II. Faktor kepribadian

Kepribadian atau personality pada dasarnya merupakan sebuah karakteristik psikologi dan perilaku yang dimiliki individu yang bersifat permanent yang dapat membedakan antara individu yang satu dengan induvidu yang lainnya. Adapun faktor kepribadian di bagi menjadi beberapa bagian diantaranya :

  1. Konsep diri rendah
    Maslach (Sutjipto, 2001) menunjukkan bahwa individu yang memiliki konsep diri rendah rentan terhadap burnout. Individu dengan konsep diri rendah mempunyai karakteristik tidak percaya diri dan memiliki penghargaan diri yang rendah.

  2. Perilaku tipe A
    Friedman dan Rosenman (dalam Cherniss, 1987:129) menyebutkan bahwa individu yang memiliki perilaku tipe A cenderung menunjukkan kerja keras, kompetitif dan gaya hidup yang penuh dengan tekanan waktu. Individu dengan perilaku tipe A lebih memungkinkan untuk mengalami burnout daripada individu yang lainnya.

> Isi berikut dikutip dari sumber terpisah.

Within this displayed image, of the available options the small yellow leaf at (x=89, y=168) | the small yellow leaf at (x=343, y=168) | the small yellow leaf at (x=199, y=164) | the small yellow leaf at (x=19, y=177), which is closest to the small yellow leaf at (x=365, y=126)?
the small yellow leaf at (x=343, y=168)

  3. Individu yang introvert
    Individu yang introvert akan mengalami ketegangan emosional yang lebih besar saat menghadapi konflik, mereka cenderung menarik diri dari kerja dan hal ini akan menghambat efektivitas penyelesaian konflik (Kahn dalam Cherniss, 1987).

  4. Locus of control eksternal
    Rotter (dalam Cherniss, 1987) menjelaskan bahwa individu dengan locus of control eksternal meyakini bahwa keberhasilan dan kegagalan yang dialami disebabkan oleh kekuatan dari luar diri. Mereka meyakini bahwa dirinya tidak berdaya terhadap situasi menekan sehingga mudah menyerah dan bila berlanjut mereka bersikap apatis terhadap pekerjaan.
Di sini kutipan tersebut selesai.